Lauren estaba tumbada en la alfombra, sumergida en la lectura de la tesis. Su madre, instalada en el sofá del salón, hojeaba las páginas de una revista. De vez en cuando levantaba los ojos para mirar a su hija.
– ¿Cómo se te ocurrió hacer semejante cosa? -preguntó, arrojando la publicación sobre una mesa baja.
Lauren tomaba apuntes en una libreta con espiral, y no contestó.
– Podrías haber arruinado tu carrera, todos estos años de trabajo echados a perder, ¿y en nombre de qué? -argumentó su madre.
– Bien que perdiste tú muchos años con tu matrimonio. Y no salvaste la vida de papá, que yo sepa.
La madre de Lauren se puso en pie.
– Sacaré a Kali a pasear -dijo con sequedad, descolgando su gabardina del perchero.
Abandonó el apartamento dando un portazo.
– Hasta luego -murmuró Lauren, mientras oía los pasos que se alejaban.
La señora Kline se cruzó con un repartidor en la portería.
Llevaba un enorme ramo de peonías blancas y estaba buscando el apartamento de Lauren Kline.
– Yo soy la señora Kline -dijo, cogiendo el sobrecito prendido de la hoja de celofán.
Sólo tenía que dejar las flores allí mismo, ella las cogería a la vuelta. Le dio una propina y el joven se marchó.
Cuando estuvo en la calle, levantó la solapa del sobrecito.
Había dos palabras escritas en un papel: «Volver a verte», y las firmaba «Arthur».
La señora Kline arrugó la carta y se la metió en el fondo del bolsillo del impermeable.
En el barrio solamente había una plaza que admitiera animales. Si el destino tenía sus motivos, a un hombre sin imaginación le parecerían siempre imperfectos. La señora Kline se sentó en un banco; a su lado, la anciana que estaba leyendo el periódico tenía ganas de entablar conversación.
En el cercado reservado a los perros, Kali estaba montando a un jack russell que descansaba a la sombra agradable de un tilo.
– No parece encontrarse muy bien -dijo la anciana.
La señora Kline se sobresaltó.
– Sólo estaba pensativa -contestó la madre de Lauren-. Nuestros perros parecen entenderse muy bien…
– A Pablo siempre le han atraído del tipo alto. Creo que tendré que volver a leerle las instrucciones, me da la impresión de que están al revés. ¿Qué la preocupa?
– ¡Nada!
– Si tiene la necesidad de confesar algo, yo soy la persona ideal: ¡estoy sorda como una tapia!
La señora Kline miró a Rose, que no había abandonado su lectura.
– ¿Tiene usted hijos? -dijo, arrastrando la voz.
La señora Morrison negó con la cabeza.
– Entonces no lo podrá entender.
– ¡Pero he amado a hombres que sí tenían!
– No tiene nada que ver.
– ¡Eso sí que me molesta! -protestó Rose-. Las personas que tienen hijos miran a las que no los tienen como si vinieran de otro planeta. ¡Amar a un hombre es tan complicado como educar a unos crios!
– No comparto su punto de vista.
– ¿Y sigue usted casada?
La señora Kline se miró la mano; el tiempo había borrado la marca de su alianza.
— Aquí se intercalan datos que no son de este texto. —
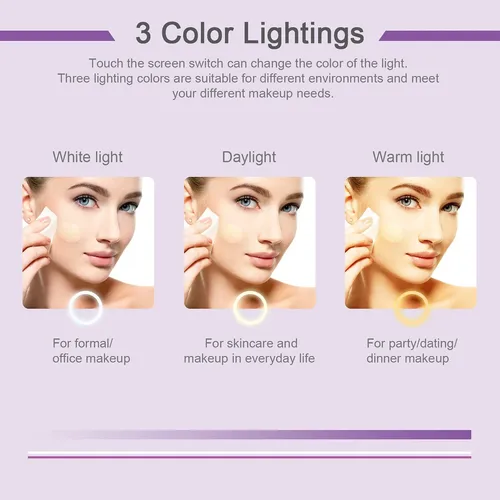Espejo De Maquillaje Con Luz Led Plegable 25.5x19cm Morado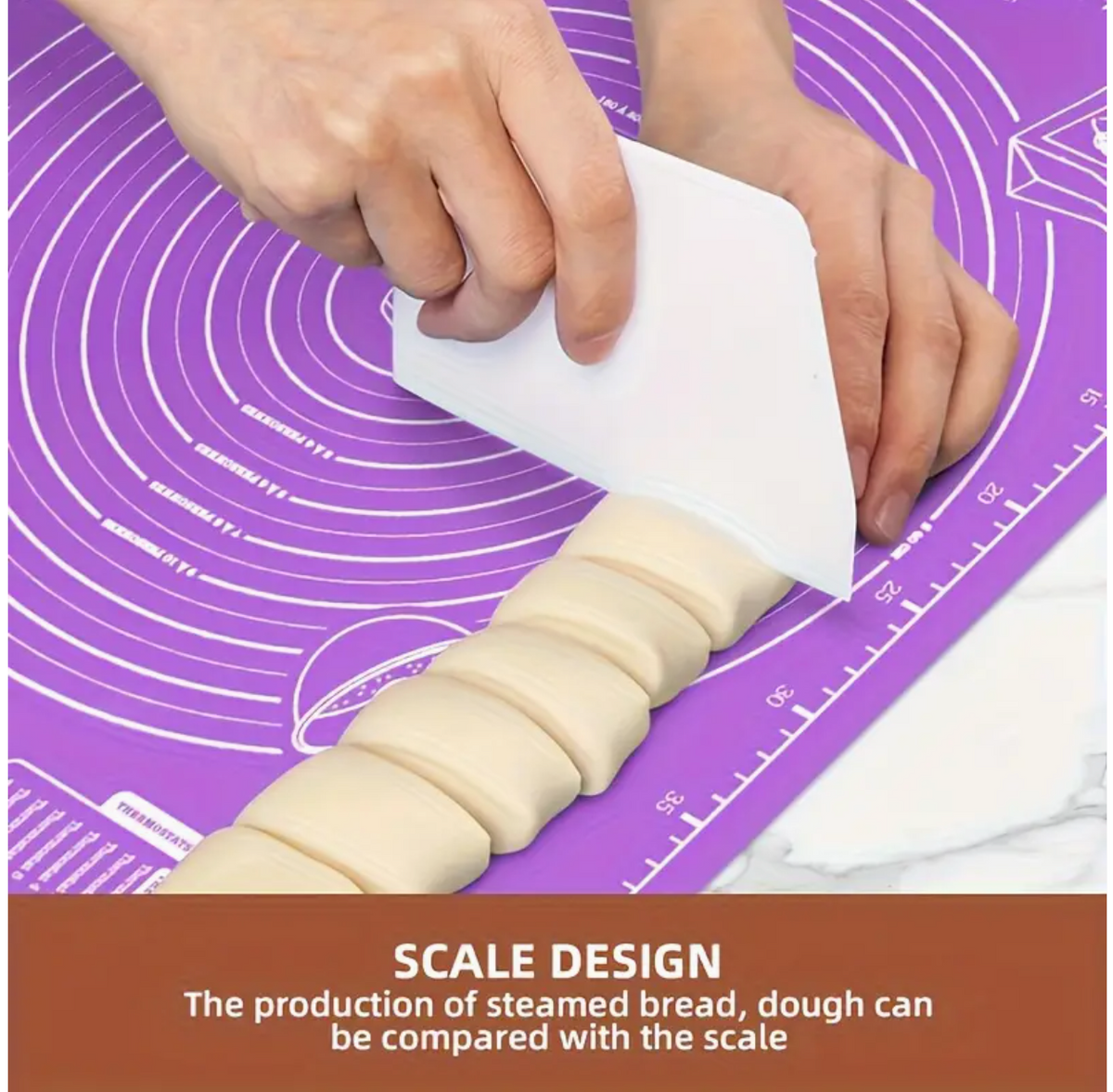 Rolling Pin Mat with Measurements – Non-Stick Baking Mat, Purple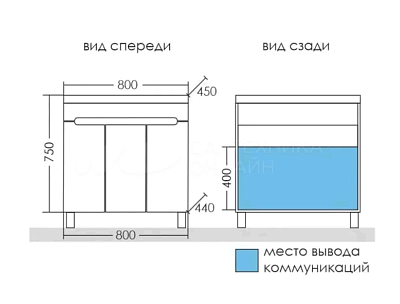 Комплект мебели 80 "Лондон-80" напольная 3 двери СанТа (ум.Фостер-80)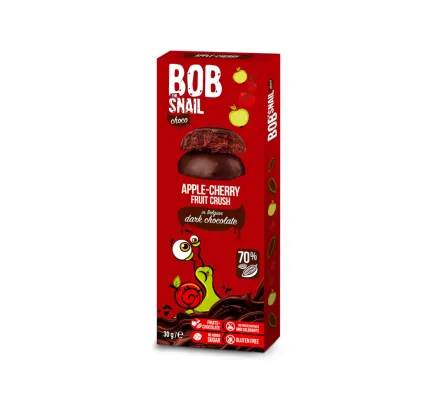 Przekąska Jabłkowo-Wiśniowa w Ciemnej Czekoladzie 30 g - Bob Snail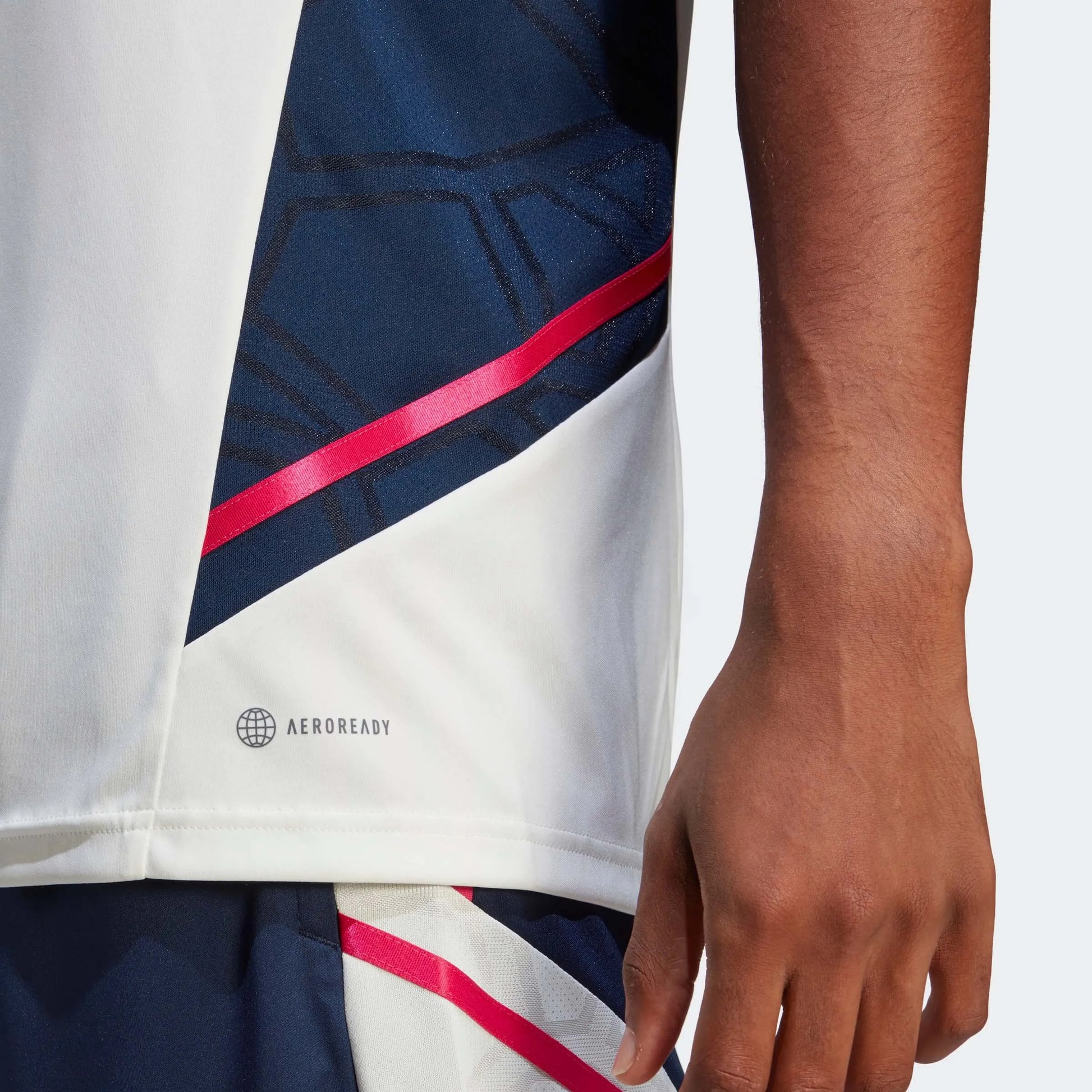 adidas 2023 Arsenal Training Jersey - Off White-Navy (Detail 2)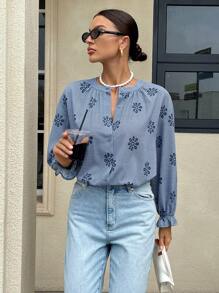 Siren Gaze Women's Casual Commuting Plaid Embroidery Shirt Winter Spring - Multicolor - View 5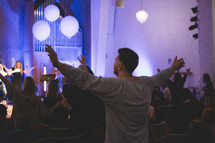 song and praise during a worship service 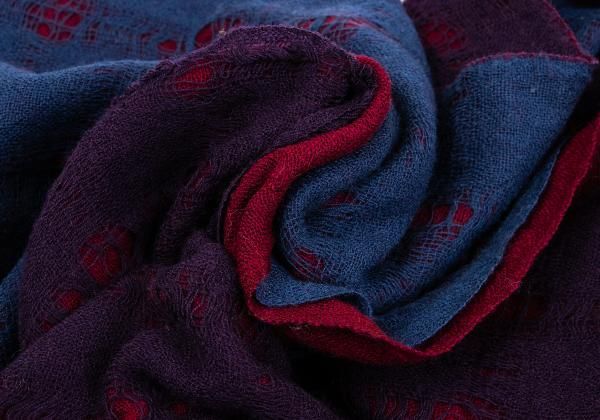 Y's ヨウジヤマモト　リネン混　ストール 赤 紫 チェック柄 PLAID SCARF BLOUSON(S Orange): Y's.｜THE SHOP YOHJI YAMAMOTO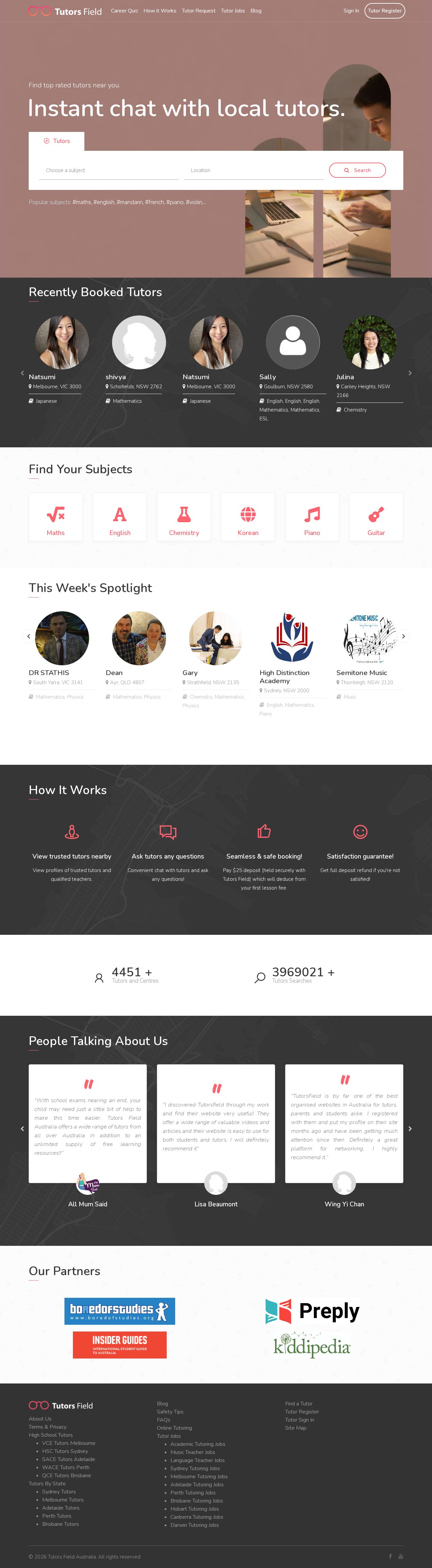 Tutors Field website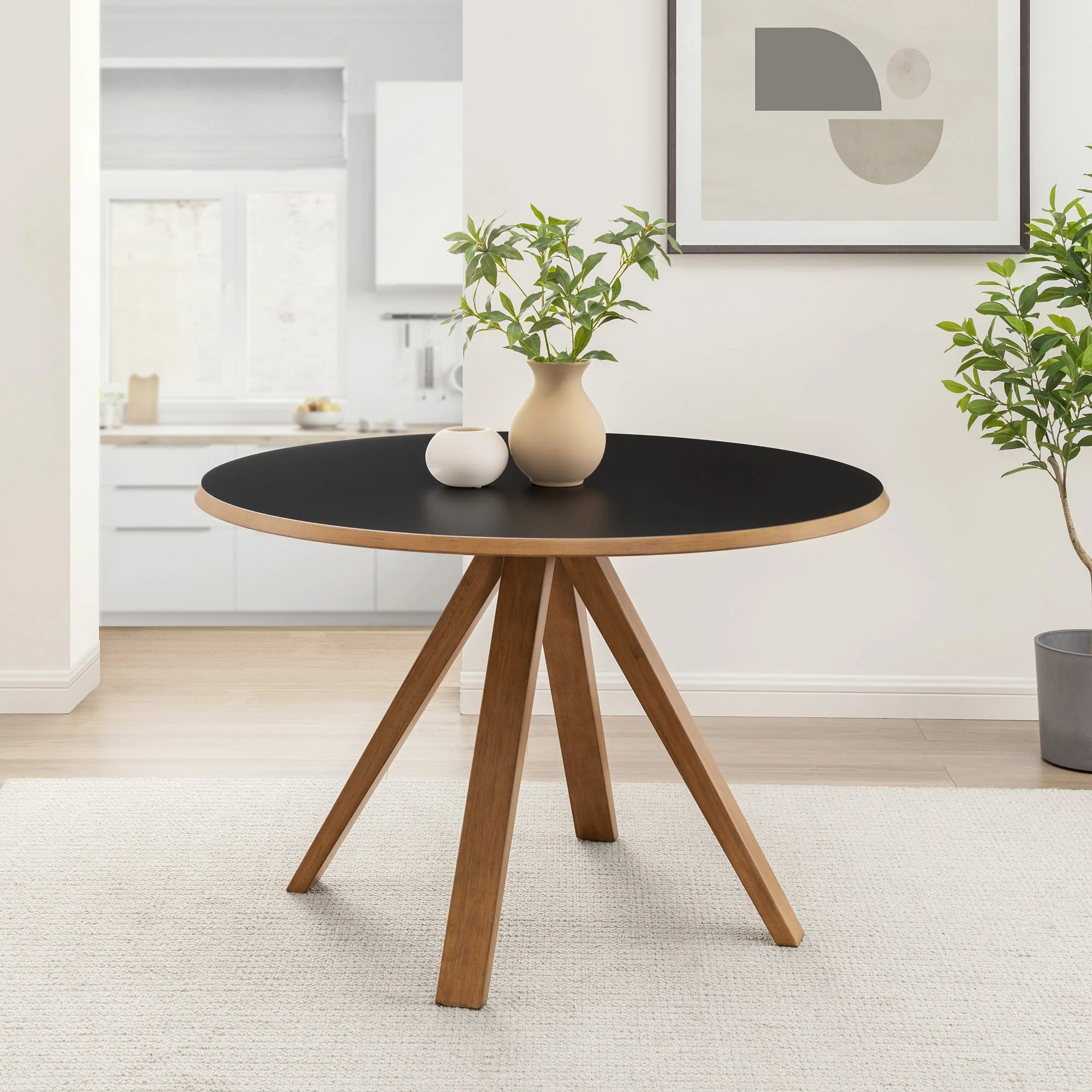 Mid-Century Modern Minimal Round Dining Table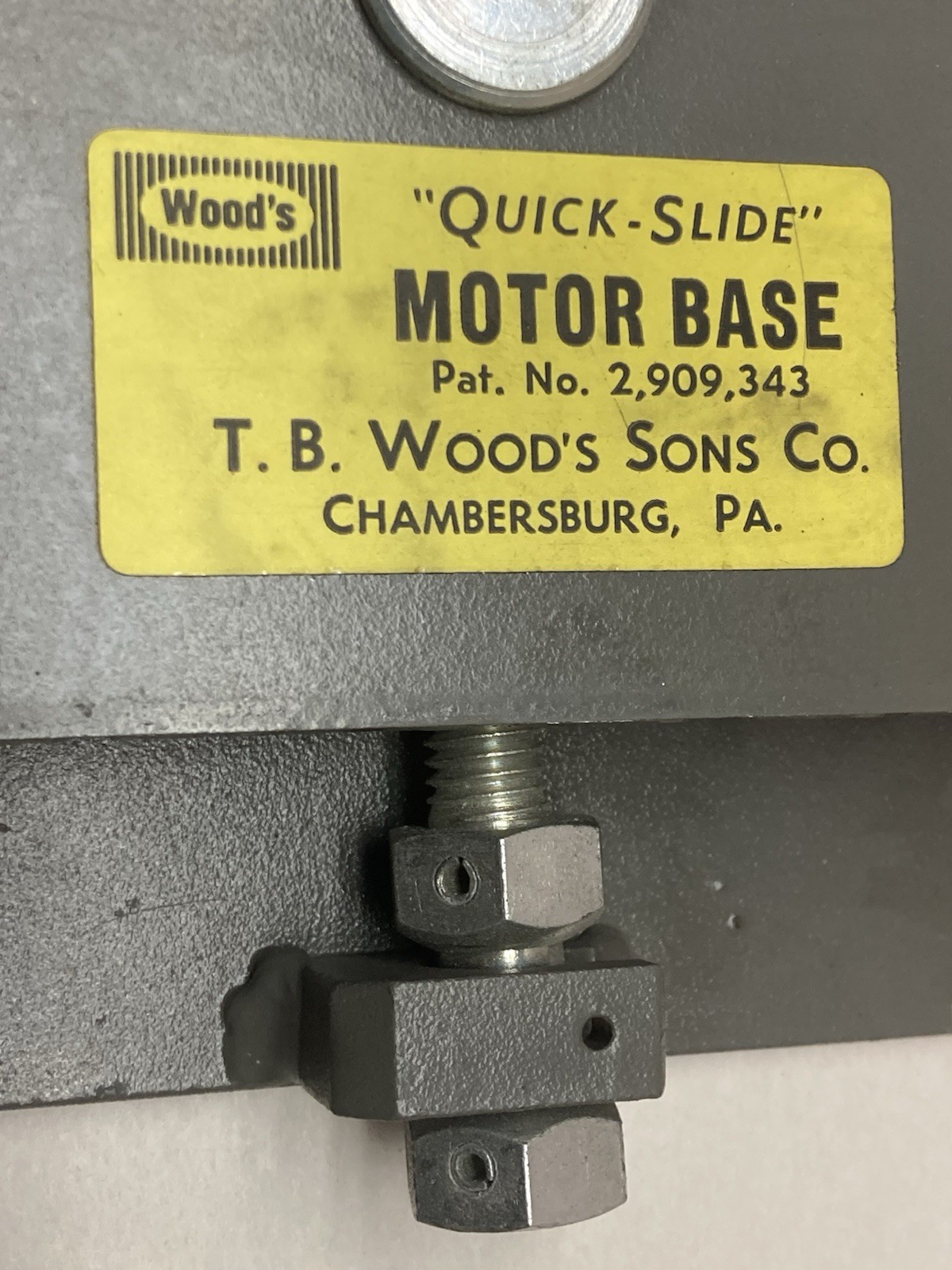 TB Woods,2909343,”Quick Slide” Motor Base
– Así pues, ¿qué dolores de cabeza le causa su hija?
– ¿Cómo sabe que no se trata de un chico?
– ¡Una posibilidad de dos!
– Creo que he hecho algo mal -murmuró la madre de Lauren.
La anciana se inclinó sobre su periódico y escuchó atentamente lo que la señora Kline tanto necesitaba confesar.
– ¡Está muy feo lo de las flores! ¿Y por qué se niega a que vea a ese joven?
– Porque se arriesga a despertar un pasado que puede hacernos daño a las dos.
La anciana volvió a sumergirse en su periódico, el tiempo necesario para reflexionar, y lo volvió a dejar sobre el banco.